Meant for:
- iRODS users
Requirements:
- iCommands installed
- BagIt packaging workflow installed, see How to enable packaging workflows with the SURF BagIt iRODS rule
- connected to iRODS, see How to connect to iRODS using iCommands
Packaging data can be useful when a dataset or folder/collection contains many (small or big) files and needs be archived (either for publishing or cost reduction purposes). However, packaging data before uploading can be a tedious operation. Here we show how an iRODS collection can be archived by using BagIt tools installed on the server.
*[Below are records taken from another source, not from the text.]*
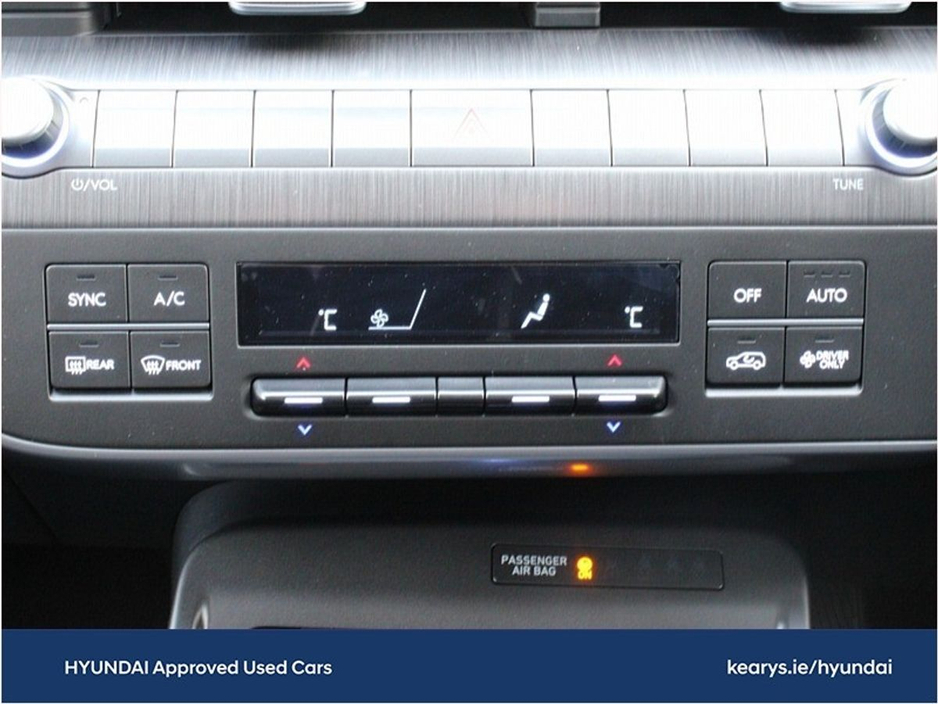 Hyundai Kona 2.49% APR - ORDER YOUR 262 TODAY - ELEGANCE - 65KW - PRICE INCLUDES S.E.A.I GRANT — thumbnail 17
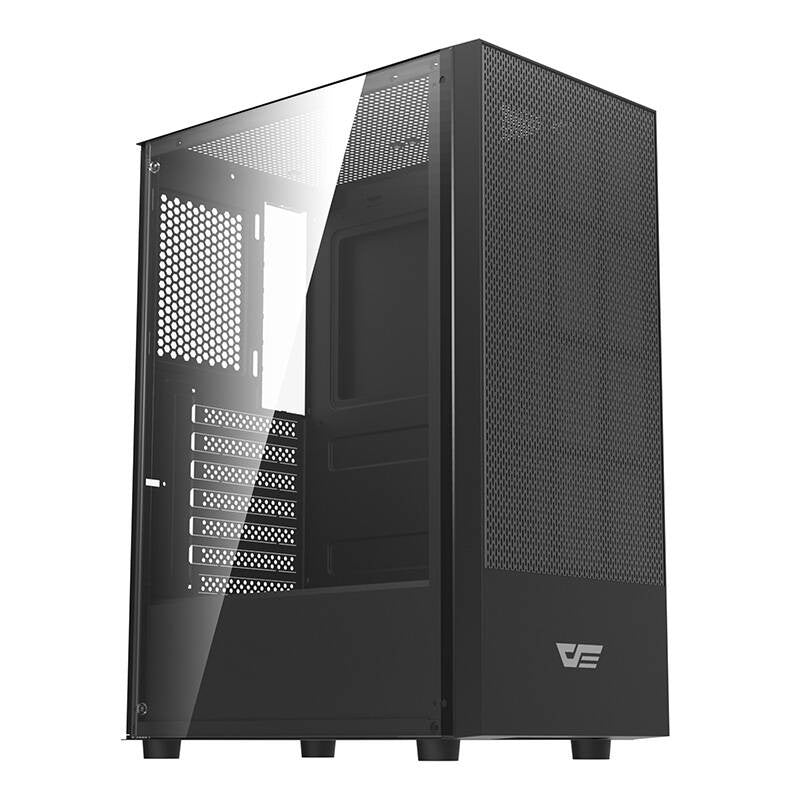 Darkflash A290 computerkabinet (sort)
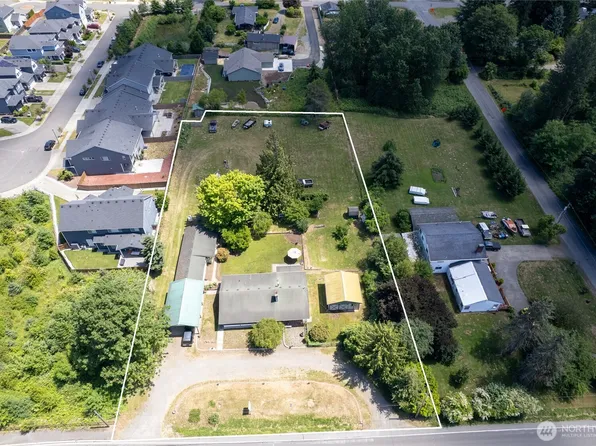 26508 132nd Avenue SE, Kent, WA 98042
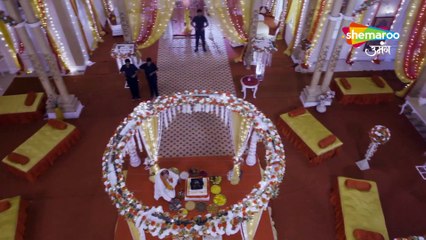 Kyun kii tum hi ho|Promo Episode 119| Mon-sat at 9 pm| shemaroo Umang|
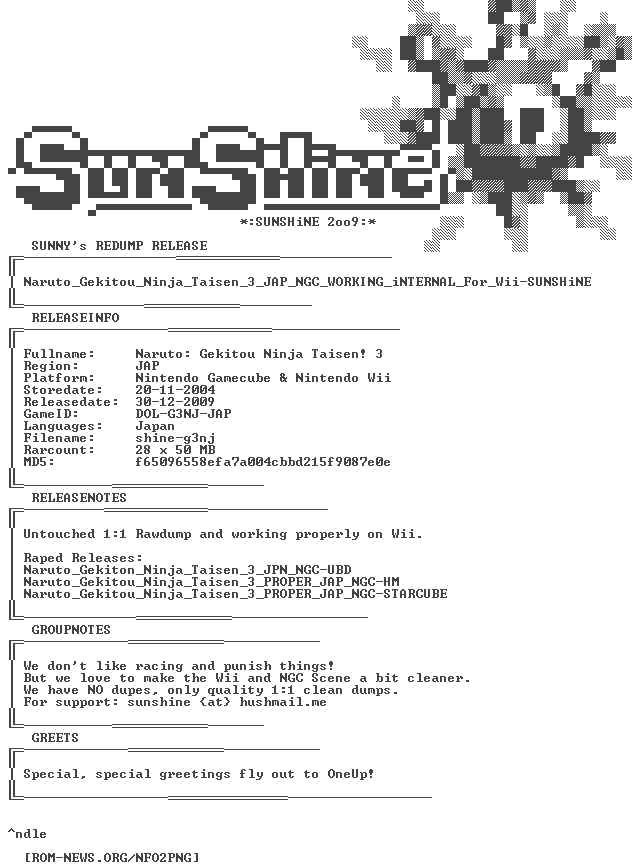 Naruto_Gekitou_Ninja_Taisen_3_JAP_NGC_WORKING_iNTERNAL_For_Wii-SUNSHiNE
Packaging a collection using metadata through a BagIt workflow
The BagIt packaging workflow searches for all collections with the matadata attribute "SURFbagit". It expects the destination resource as a value and one of the two keywords "copy" or "move" as units. If the word "copy" is set then the folder is archived, but the original copy is still available, otherwise it is removed and only the archive file is kept. Here we assume that the destination storage resource is called 'surfArchive'. In order to start the packaging workflow for a collection, you have to mark the collection with the following metadata:
user@login:~$ imeta set -C /your/collection/to/package SURFbagit surfArchive copy::tgz::avu
This addition of metadata to the collection will communicate to the iRODS system that this collection is a candidate to be packaged with the BagIt format. Note that this collection will not immediately be packaged; this will happen asynchronously in the background. This is useful as packaging could take a long time for collections with large data sets.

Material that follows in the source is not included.